▶ _ABOUT THIS TASK_:
With the images removed, write out each record exactly as given.

(Free-text object descriptions)
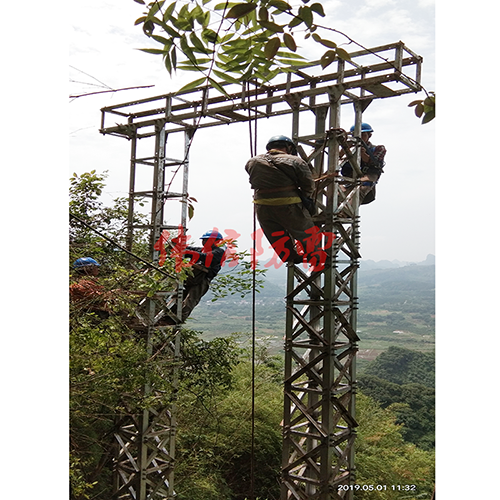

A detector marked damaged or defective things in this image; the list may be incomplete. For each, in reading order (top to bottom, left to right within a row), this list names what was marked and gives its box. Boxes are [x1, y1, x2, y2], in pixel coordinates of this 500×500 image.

rusty steel frame [99, 41, 424, 498]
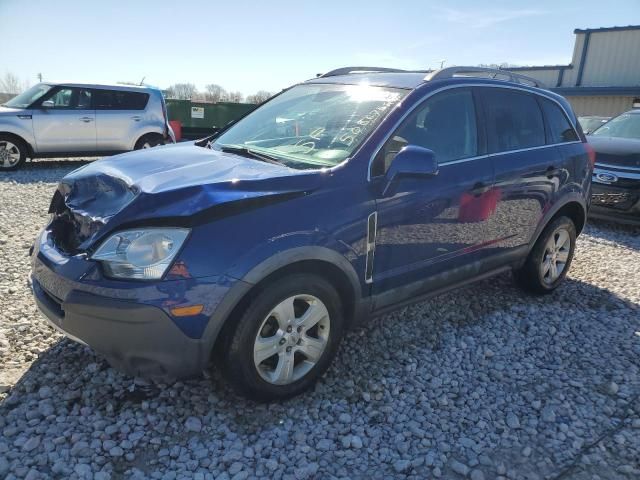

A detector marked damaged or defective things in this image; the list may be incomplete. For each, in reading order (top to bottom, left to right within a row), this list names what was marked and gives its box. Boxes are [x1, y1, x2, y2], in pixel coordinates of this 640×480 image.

crushed front hood [47, 142, 320, 253]
damaged blue suv [30, 65, 592, 400]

▶ _ANSWER SECTION_:
A detector marked damaged or defective things in this image; the list may be incomplete. For each, in reading order (top to bottom, left to right within a row), this list names what was marked and gives its box. Boxes are [x1, y1, x2, y2], in pixel coordinates of this 500×500 image.

rusty steel frame [99, 41, 424, 498]

A detector marked damaged or defective things in this image; the list may be incomplete. For each, in reading order (top to bottom, left to right within a row), this list names what was marked and gives its box. Boxes are [x1, y1, x2, y2], in pixel coordinates of this 640×480 image.

crushed front hood [47, 142, 320, 253]
damaged blue suv [30, 65, 592, 400]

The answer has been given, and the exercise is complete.